I'm torn on this, on one hand it's a bit shady, on the other I get why they're doing it. The only impressive bit about this piece of hardware is to actually experience virtual 3D objects projected onto the real world. If you capture a 2D video of this through the lens you're effectively left with very mediocre 3D models in a darkened environment. There's simply no way it can look good without cheating. It'll look like VR but worse.

I went to a magic leap developer event and tried the headset first hand. It was truly magical. It made me giggle. Now, at the current price point it’s too high for me to buy as a toy and I haven’t really been struck with any killer app ideas to buy it as a dev kit, but I really think it’s an extremely cool piece of kit.

  • I think they are pretty cool but I wear glasses. Not entirely uncommon amongst their target market. Lens inserts kill the share-ability of the thing and mean that it's basically tailored to my personal prescription.

    They made a really myopic decision to exclude the short-sighted.

  • Same. I tried it in 2016 during an interview and it was incredible... but I don’t have a use case for it and so can’t justify.

That's just how it goes with AR, you can find some amateur clips people have tried to shoot through the lens themselves but it's very difficult. Even Microsoft doesn't shoot through the lens and has gotten similar flack. Best they can do is composite imaging, which actually looks worse than through the lens.

When you're selling someone a dream, especially their own dream, fantasy always needs to be presented as reality.

Looks like they're making money from investors rather than customers, and the strongest marketing efforts are probably not focused on things which would appeal to ordinary buyers.

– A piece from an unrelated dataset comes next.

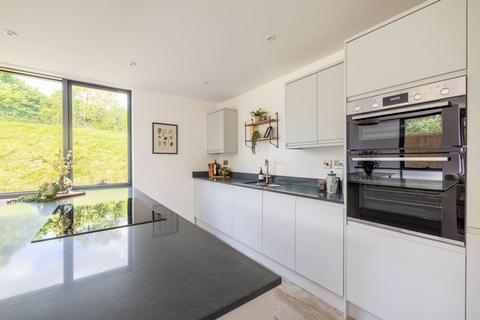 3 bedroom apartment for sale, 5 Manor Farm, Camerton, Nr. Bath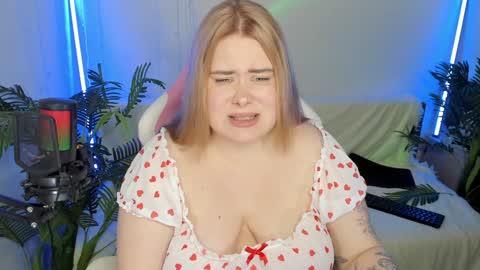 lina_linx online show from 02/03/25, 07:21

it's a bit better than the hololens, but it's a much less slick piece of hardware.

I thought the same thing. Even with VR people held cameras up to the displays, or projected what they saw onto a monitor. With magic leap it was sooo secret.

I assumed garbage. I'm still not sure what I would be supposed to do with them.

  • VR allowed the signal going to the headset to also be displayed onto a regular monitor since the signal was the full image. With AR, it's just overlaying something onto a lens you see through to be able to see the real world. That signal displayed onto a regular monitor would probably just show the object with a matte or essentially the object over a black background. Think of a transparent PNG but in motion. That's not very exciting.

  • I'd love to know how close the shipping product is to what Kevin Kelly and other journalists were shown under NDA before release.

    • me too because people were raving about it. I wonder how much influence was peddled, given the billions invested.

Its not bad but it wouldn't make sense really. Microsoft built a custom camera rig to show off the Hololens which they could have done.